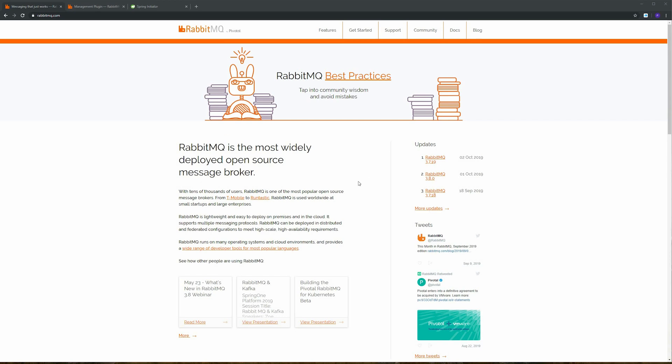Today I'm going to show you guys how to create two Spring Boot applications that sends and receives messages using RabbitMQ as a message broker.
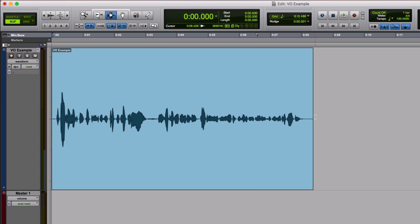Hi, this is Julian from Pro Tools Expert, and I want to show you a quick tip to do with dealing with breaths in voiceover.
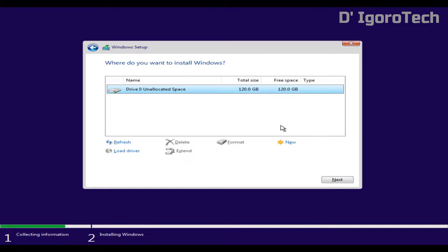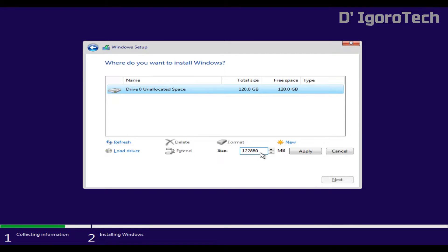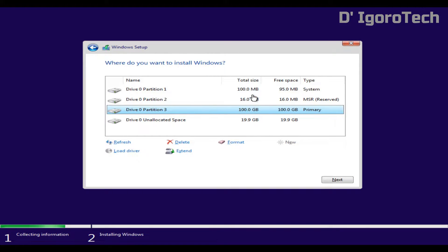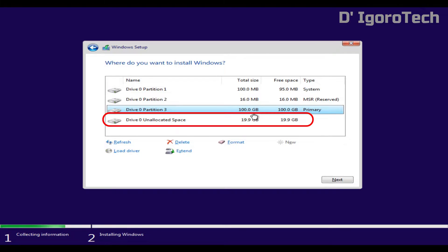You have two options: you can simply click next if you don't want to create a partition. But if you do, I will show you how. Click on new and enter the size of the partition by megabytes. I enter 102,500 because I want my primary or drive C to be exactly 100 gigabytes. You can see I have 100 gigabytes of primary drive since Windows will automatically create system and reserved partition. There's free unallocated space, I usually use for my file storage, backup files or important files.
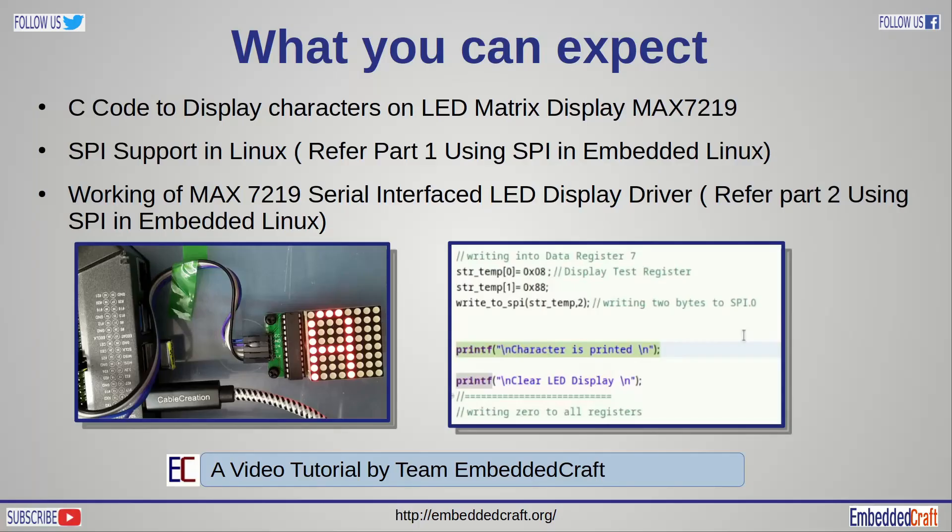Welcome to another video on our EmbeddedCraft channel. In this video tutorial we are talking about coding of MAX7219 LED display controller. This is the third and final part of our tutorial, SPI in Linux. You can watch the first and second part of that tutorial, link is given in description.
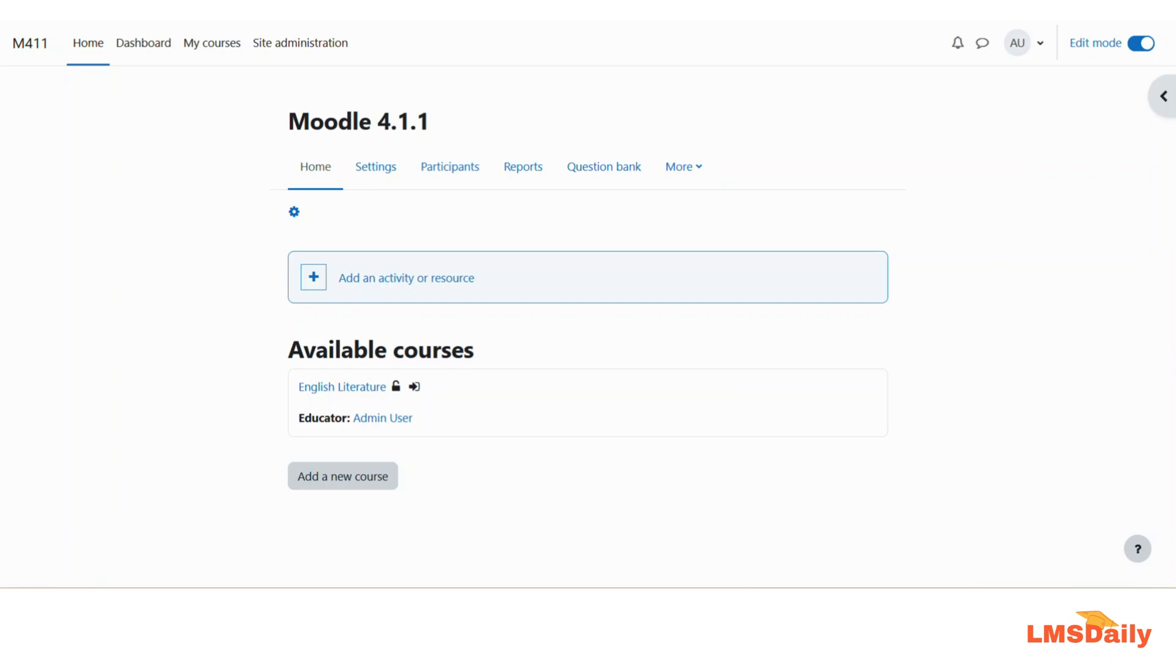So in this video we will see how you can specify only a few file types which can be uploaded as the assignment upload in Moodle.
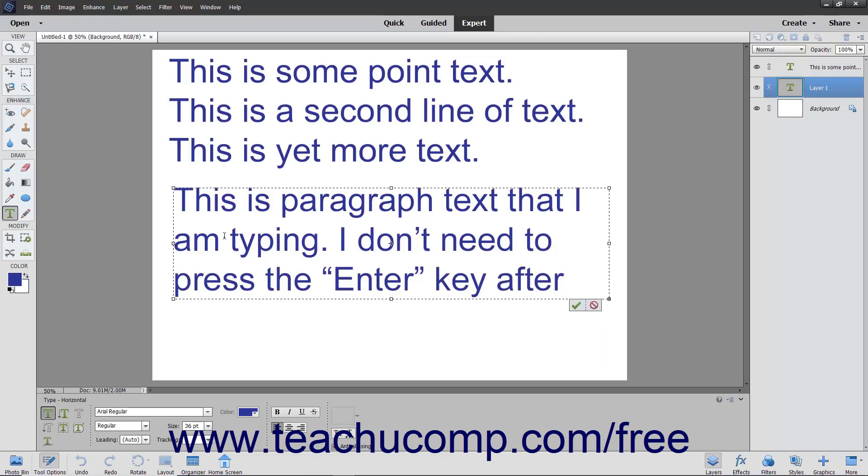Note that you can press the enter key on your keyboard to create a new paragraph. Unlike point text, you do not need to press the enter key to create a new line within the same paragraph as the text will automatically wrap when it encounters the edge of the bounding box.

= = = = = = =

The problem: Quote exactly, and nothing besides, the lines from the one with "So in this video" through the end of the records above; include both ends and omit the pictures.

Result:
So in this video we will see how you can specify only a few file types which can be uploaded as the assignment upload in Moodle.
Note that you can press the enter key on your keyboard to create a new paragraph. Unlike point text, you do not need to press the enter key to create a new line within the same paragraph as the text will automatically wrap when it encounters the edge of the bounding box.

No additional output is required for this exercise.